However, the above measurement apparatus has the following problem: If an obstacle such as a polishing pad exists between the light source and the semiconductor wafer, the laser beam and visible light rays emitted from the light source cannot reach the semiconductor wafer. Therefore, it is necessary to provide a transmission window such as a through hole or a transparent window on the polishing pad so that the laser beam and visible light can pass therethrough. As a result, the number of manufacturing processes of the polishing pad increases, and thus the manufacturing cost of the polishing pad as a consumable component increases. In addition, in the above measuring apparatus, the laser beam reflected from the semiconductor wafer and the reflected visible light are unstable. Therefore, it is difficult to accurately measure film thickness.

Contents of the invention

The present invention has been made in consideration of the above disadvantages. It is therefore an object of the present invention to provide a measuring device capable of accurately measuring the structure of an object, such as thickness, without providing a transmission window such as a through hole on an obstacle.
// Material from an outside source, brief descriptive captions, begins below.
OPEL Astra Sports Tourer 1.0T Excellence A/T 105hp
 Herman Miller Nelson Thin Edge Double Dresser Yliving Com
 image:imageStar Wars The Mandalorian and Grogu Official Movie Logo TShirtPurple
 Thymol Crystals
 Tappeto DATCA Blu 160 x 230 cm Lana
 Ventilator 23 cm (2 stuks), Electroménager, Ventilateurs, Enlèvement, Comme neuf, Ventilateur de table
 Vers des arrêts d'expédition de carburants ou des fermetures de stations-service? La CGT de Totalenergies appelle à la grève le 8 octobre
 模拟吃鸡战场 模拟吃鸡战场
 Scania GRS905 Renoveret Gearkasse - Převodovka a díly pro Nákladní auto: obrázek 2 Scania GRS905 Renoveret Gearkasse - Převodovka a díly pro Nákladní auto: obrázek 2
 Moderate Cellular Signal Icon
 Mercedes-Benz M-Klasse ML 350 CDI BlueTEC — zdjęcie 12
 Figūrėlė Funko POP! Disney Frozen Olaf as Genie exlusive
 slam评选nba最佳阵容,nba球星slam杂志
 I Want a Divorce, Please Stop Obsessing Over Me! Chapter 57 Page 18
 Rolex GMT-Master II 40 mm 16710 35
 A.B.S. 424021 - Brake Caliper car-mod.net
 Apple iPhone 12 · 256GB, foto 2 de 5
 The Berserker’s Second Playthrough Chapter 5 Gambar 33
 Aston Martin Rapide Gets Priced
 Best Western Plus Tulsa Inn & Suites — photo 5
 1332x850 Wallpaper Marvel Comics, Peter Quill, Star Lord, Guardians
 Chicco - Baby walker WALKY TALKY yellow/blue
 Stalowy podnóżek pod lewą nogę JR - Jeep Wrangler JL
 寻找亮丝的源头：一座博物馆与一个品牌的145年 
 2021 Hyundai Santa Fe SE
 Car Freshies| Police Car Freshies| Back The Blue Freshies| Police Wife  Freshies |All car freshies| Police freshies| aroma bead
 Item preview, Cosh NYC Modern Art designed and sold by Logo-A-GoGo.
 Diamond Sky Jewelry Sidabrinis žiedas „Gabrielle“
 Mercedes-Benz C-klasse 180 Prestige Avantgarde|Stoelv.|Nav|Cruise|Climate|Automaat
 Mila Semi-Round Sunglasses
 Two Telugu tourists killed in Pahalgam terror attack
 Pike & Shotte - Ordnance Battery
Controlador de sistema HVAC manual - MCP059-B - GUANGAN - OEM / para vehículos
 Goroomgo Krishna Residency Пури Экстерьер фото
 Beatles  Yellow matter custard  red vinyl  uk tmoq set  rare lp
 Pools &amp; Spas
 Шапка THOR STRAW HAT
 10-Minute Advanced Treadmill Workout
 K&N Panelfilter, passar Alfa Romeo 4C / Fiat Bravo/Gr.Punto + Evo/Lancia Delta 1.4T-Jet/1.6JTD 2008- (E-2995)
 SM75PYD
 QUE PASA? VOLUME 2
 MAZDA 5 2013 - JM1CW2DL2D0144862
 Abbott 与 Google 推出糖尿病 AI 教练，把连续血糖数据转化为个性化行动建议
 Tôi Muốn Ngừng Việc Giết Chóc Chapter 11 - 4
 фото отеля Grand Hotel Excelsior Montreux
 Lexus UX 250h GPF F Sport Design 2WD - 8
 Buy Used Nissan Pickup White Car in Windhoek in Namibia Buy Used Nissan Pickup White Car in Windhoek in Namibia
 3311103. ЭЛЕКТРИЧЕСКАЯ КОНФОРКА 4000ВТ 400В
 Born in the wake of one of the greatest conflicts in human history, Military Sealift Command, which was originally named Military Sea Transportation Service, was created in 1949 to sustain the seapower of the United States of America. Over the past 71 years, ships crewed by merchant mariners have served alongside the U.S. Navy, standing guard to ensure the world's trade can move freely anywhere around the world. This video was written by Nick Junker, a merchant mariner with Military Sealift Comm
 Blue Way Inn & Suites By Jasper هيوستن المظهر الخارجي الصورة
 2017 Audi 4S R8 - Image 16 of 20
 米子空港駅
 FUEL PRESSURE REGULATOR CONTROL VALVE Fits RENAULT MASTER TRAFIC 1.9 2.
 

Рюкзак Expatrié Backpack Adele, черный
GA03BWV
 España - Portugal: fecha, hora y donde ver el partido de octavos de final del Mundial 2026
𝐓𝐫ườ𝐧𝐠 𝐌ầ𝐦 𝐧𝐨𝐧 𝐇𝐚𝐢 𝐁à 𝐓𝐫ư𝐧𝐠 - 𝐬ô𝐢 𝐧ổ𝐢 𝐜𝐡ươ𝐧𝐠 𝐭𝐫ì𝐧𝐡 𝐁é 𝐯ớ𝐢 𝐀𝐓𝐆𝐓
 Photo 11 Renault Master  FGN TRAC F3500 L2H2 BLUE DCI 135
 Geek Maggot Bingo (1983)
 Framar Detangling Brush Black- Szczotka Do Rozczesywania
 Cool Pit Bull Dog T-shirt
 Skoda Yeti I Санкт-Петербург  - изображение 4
In order to achieve the above object, according to one aspect of the present invention, a measuring device is provided, comprising: a microwave transmitting device for transmitting microwaves to an object; a microwave generator for supplying microwaves to the microwave transmitting device; a detector for the amplitude or phase of microwaves that have reflected from or passed through the object; and an analyzer for analyzing the structure of the object based on the amplitude or phase of the microwaves detected by the detector.

In a preferred aspect of the invention, the analyzer calculates at least one of reflection coefficient, standing wave ratio and surface impedance.

In a preferred aspect of the invention, the analyzer calculates at least one of thickness, internal defects, permittivity, electrical conductivity and magnetic permeability of the object.

According to another aspect of the present invention, there is provided a polishing apparatus for polishing an object by sliding the object into contact with a polishing pad, the polishing apparatus comprising: a polishing table having the polishing pad; for holding a substrate and pressing the substrate against A top ring of a polishing pad; and a measuring device for measuring the thickness of a film formed on a surface of a substrate; wherein the measuring device includes microwave emitting means for emitting microwaves to the film, for supplying microwaves to the microwave emitting means a microwave generator, a detector for detecting the amplitude or phase of microwaves that have been reflected from or passed through the object; and an analyzer for measuring the thickness of the film based on the amplitude or phase of the microwaves detected by the detector.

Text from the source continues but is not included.